The Science of Cookies

What makes a cookie a cookie?

At a basic level, cookies are a balance of flour, fat, sugar, and liquid. What you do with those ingredients, along with how you mix and bake them, is what changes the outcome. That’s why cookies can turn out crispy, soft, thick, chewy, or even cakey.

Once I started learning the science behind it, baking felt less like guessing and more like understanding.

The science behind the key ingredients

The science behind the key ingredients?

Flour


Flour provides structure through gluten, which forms when it’s mixed. More flour means more structure, which leads to thicker cookies. Less flour means the dough spreads more, creating thinner cookies.

The type of flour also matters. All-purpose flour is more balanced, bread flour has more protein which makes cookies chewier, and cake flour has less protein which makes them softer and more tender.

Fat


Fat affects both texture and spread. When fat melts in the oven, it causes the cookie to spread.

Butter, especially melted butter, leads to thinner cookies because it melts quickly. Creamed butter (beaten with sugar) traps air, which makes cookies lighter and softer. Chilling the dough slows down how fast the fat melts, which helps control spreading.

Shortening works differently. It has a higher melting point, so cookies hold their shape more and turn out softer and more tender.

Sugar


Sugar does more than just sweeten. It affects texture, moisture, and how cookies spread.

When sugar dissolves, it pulls in moisture, which helps keep cookies soft. As it heats, it caramelizes and adds flavor and color.

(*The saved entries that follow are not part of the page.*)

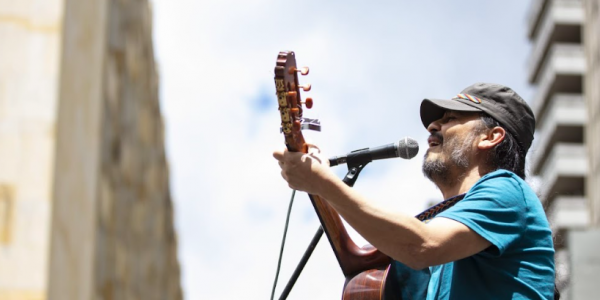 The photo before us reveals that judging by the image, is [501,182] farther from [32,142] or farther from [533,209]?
[32,142]

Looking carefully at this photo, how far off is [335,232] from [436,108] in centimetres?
58

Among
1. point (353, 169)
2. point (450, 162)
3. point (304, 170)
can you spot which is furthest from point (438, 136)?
point (304, 170)

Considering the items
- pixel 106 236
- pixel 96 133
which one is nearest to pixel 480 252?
pixel 96 133

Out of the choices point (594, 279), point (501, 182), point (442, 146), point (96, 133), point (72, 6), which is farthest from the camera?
point (594, 279)

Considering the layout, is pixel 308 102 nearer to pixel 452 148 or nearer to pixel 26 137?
pixel 452 148

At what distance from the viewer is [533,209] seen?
3.22 m

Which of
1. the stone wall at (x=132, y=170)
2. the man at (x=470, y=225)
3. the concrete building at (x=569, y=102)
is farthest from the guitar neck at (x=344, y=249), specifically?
the concrete building at (x=569, y=102)

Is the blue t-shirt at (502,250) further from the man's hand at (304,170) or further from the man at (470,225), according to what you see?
the man's hand at (304,170)

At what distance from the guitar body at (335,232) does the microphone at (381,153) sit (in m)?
0.18

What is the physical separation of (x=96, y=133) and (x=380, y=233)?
5.70 metres

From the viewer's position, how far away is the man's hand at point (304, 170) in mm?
3004

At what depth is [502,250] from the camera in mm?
3062

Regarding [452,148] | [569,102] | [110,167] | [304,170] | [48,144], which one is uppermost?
[569,102]

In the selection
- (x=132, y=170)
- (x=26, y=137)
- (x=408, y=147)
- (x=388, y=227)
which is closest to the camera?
(x=388, y=227) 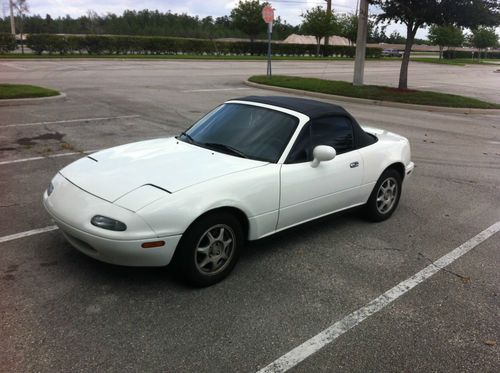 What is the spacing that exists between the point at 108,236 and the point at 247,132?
172 cm

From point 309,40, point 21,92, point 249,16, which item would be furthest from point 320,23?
point 21,92

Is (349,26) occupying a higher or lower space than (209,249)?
higher

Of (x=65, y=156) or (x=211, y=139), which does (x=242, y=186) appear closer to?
(x=211, y=139)

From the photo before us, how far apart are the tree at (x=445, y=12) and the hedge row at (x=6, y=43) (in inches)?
1159

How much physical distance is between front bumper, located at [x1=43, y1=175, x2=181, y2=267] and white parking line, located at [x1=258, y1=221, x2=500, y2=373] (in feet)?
3.66

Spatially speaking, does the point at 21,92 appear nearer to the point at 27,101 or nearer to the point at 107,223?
the point at 27,101

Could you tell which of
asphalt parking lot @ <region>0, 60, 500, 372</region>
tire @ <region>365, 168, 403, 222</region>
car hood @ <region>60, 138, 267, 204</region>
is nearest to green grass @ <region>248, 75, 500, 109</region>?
asphalt parking lot @ <region>0, 60, 500, 372</region>

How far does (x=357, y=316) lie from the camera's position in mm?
3301

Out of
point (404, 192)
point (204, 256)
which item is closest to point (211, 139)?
point (204, 256)

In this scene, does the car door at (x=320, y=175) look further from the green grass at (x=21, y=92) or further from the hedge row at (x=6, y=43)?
the hedge row at (x=6, y=43)

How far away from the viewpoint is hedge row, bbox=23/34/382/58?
3462 cm

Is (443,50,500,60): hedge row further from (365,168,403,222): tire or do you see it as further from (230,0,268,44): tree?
(365,168,403,222): tire

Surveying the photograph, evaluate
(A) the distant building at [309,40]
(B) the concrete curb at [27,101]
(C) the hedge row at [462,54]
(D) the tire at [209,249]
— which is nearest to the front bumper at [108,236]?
(D) the tire at [209,249]

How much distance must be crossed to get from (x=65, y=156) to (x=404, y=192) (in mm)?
5188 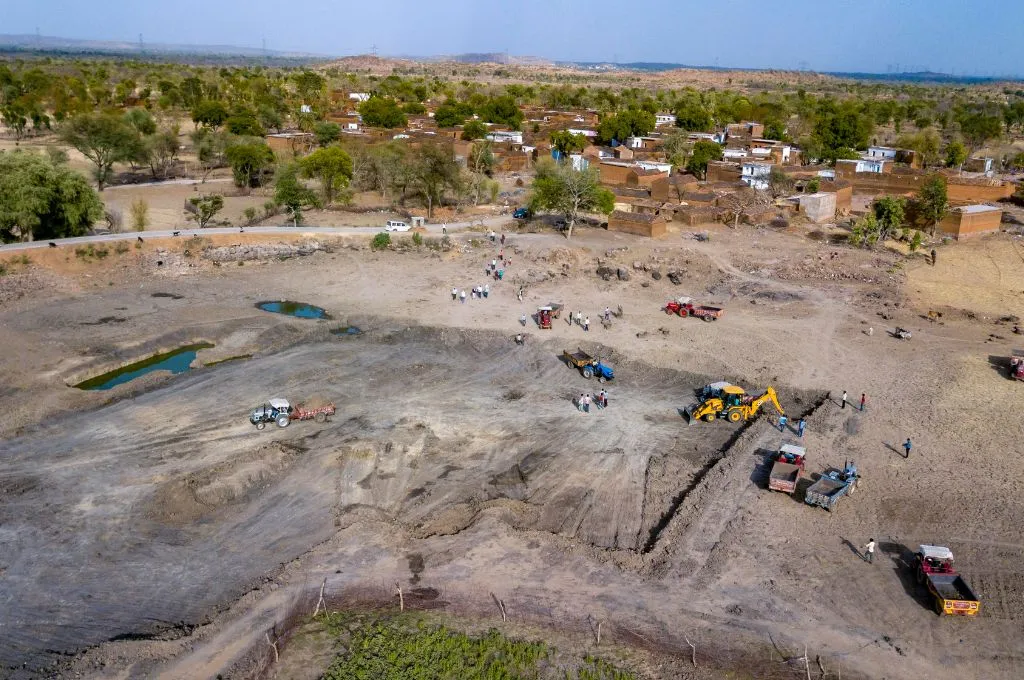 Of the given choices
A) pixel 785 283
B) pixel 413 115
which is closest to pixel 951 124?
pixel 413 115

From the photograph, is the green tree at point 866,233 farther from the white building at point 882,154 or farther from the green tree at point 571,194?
the white building at point 882,154

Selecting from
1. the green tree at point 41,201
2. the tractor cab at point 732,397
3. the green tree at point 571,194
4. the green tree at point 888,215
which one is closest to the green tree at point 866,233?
the green tree at point 888,215

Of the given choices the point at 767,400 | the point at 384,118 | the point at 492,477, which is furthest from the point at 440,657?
the point at 384,118

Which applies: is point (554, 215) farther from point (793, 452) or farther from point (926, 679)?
point (926, 679)

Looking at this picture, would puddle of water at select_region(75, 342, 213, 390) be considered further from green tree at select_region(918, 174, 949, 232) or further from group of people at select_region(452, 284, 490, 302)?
green tree at select_region(918, 174, 949, 232)

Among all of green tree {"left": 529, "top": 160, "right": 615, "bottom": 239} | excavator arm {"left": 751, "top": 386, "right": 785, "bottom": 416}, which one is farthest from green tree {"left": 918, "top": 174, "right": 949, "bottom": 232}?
excavator arm {"left": 751, "top": 386, "right": 785, "bottom": 416}

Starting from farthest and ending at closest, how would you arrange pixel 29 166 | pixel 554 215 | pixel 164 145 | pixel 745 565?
pixel 164 145 → pixel 554 215 → pixel 29 166 → pixel 745 565

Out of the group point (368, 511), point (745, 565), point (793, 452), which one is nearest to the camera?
point (745, 565)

Different sugars behave differently. White sugar tends to make cookies spread more and gives a crispier texture. Brown sugar has molasses, which adds moisture and makes cookies softer and chewier.

Sugar also plays a role when creamed with butter. It helps create air pockets, which affects the final texture.

Eggs


Eggs act as a binder and add structure, but they also bring moisture.

The egg whites help with structure, while the yolks add fat and richness. More egg can make cookies softer and more cake-like, while less egg can make them denser.

Even small changes, like using an extra yolk or removing a white, can completely change the texture of a cookie.

Leavening (Baking Soda vs Baking Powder)


Leavening agents control how cookies rise and spread.


Baking soda needs an acid to react and helps cookies spread more. It also contributes to browning.

Baking powder already contains an acid, so it creates a more controlled rise. This usually leads to thicker, softer cookies.

Using one over the other changes both the texture and appearance of the cookie.